Bercy indique que selon l’avancée des négociations, «le statut de non-résident communautaire pourrait s’appliquer». Les touristes pourraient donc se voir retirer la TVA sur les produits Outre-Manche, qui est aujourd’hui de 20%.

  • Retrait des indemnisations pour les Britanniques

Actuellement, l’article (CE) 261/2004 impose des règles européennes communes en matière d’indemnisation et d’assistance des passagers en cas d’annulation ou de retard important d’un vol. Celles-ci s’appliquent aux passagers partant d’un aéroport situé dans un État membre.
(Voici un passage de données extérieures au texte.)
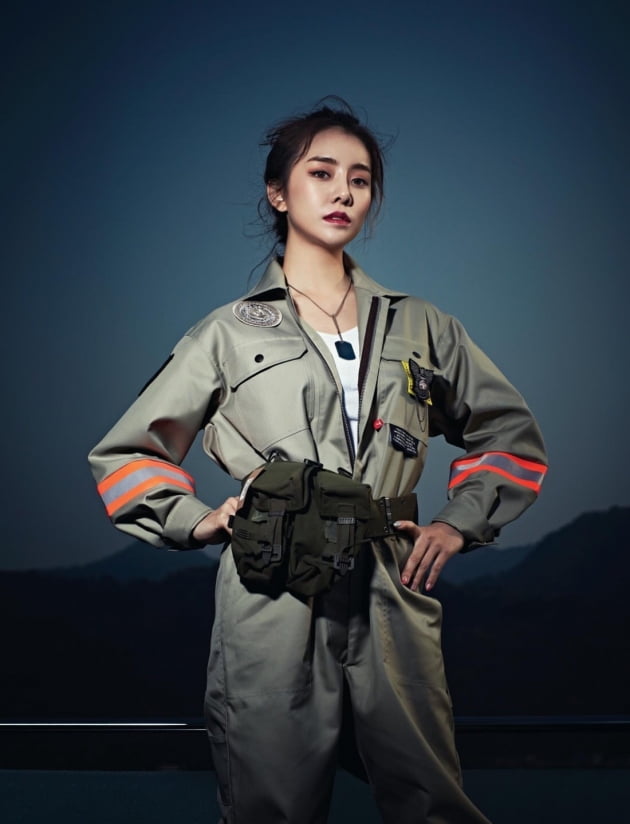 설하윤 /사진= 병영매거진 HIM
Ceux qui quittent un aéroport situé dans un pays tiers à destination d’un État membre bénéficient aussi de ces droits, mais seulement si le vol est assuré par un transporteur issu de l’union européenne. Il n’est donc pas certain que ces indemnisations aient toujours cours pour les passagers embarquant au Royaume-Uni à bord d’un avion d’une compagnie nationale.

  • Clause Brexit

Certaines compagnies, comme Ryanair, vont inclure une «clause Brexit» dans leurs ventes de billets pour l’été 2019. Celle-ci permettra leur annulation si des accords sur la question de la réglementation aérienne ne sont pas signés. Le voyagiste Thomas Cook, lui, a aussi inclus depuis octobre dernier cette clause dans ses billets d’avion pour avril 2019.